If you are a David Bowie addict, it’s fairly likely you have read these lines, which appeared in Crowe’s 1976 feature on Bowie for Rolling Stone:
 

Bowie announces that he’s got a new project, his autobiography. “I’ve still not read an autobiography by a rock person that had the same degree of presumptuousness and arrogance that a rock & roll record used to have. So I’ve decided to write my autobiography as a way of life. It may be a series of books. I’m so incredibly methodical that I would be able to categorize each section and make it a bleedin’ encyclopedia. You know what I mean? David Bowie as the microcosm of all matter.”

If the first chapter is any indication, The Return of the Thin White Duke is more telling of Bowie’s “fragmented mind” than of his life story. It is a series of sketchy self-portraits and isolated incidents apparently strung together in random, probably cutout order. Despite David’s enthusiasm, one suspects it may never outlast his abbreviated attention span. But it’s a good idea. At 29, Bowie’s life is already perfect fodder for an autobiography.

 
The article in Rolling Stone also included an excerpt, in a box. It looked like this:
 

 
So Bowie gave Crowe a manuscript of some sort. What was in it? Has it ever been published in full?
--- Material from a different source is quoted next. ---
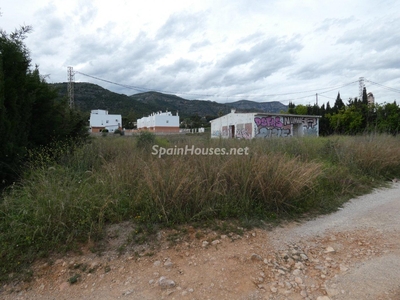 Solar en venta en Alcanar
This “first chapter” of The Return of the Thin White Duke clearly has never been published. I consulted ten book-length treatments of Bowie’s life and career (a list of these works can be found at the bottom of this post), and only 2 of them even bothered to mention it, and neither dwelled on it for very long. It’s abundantly clear that not many people know anything about this text.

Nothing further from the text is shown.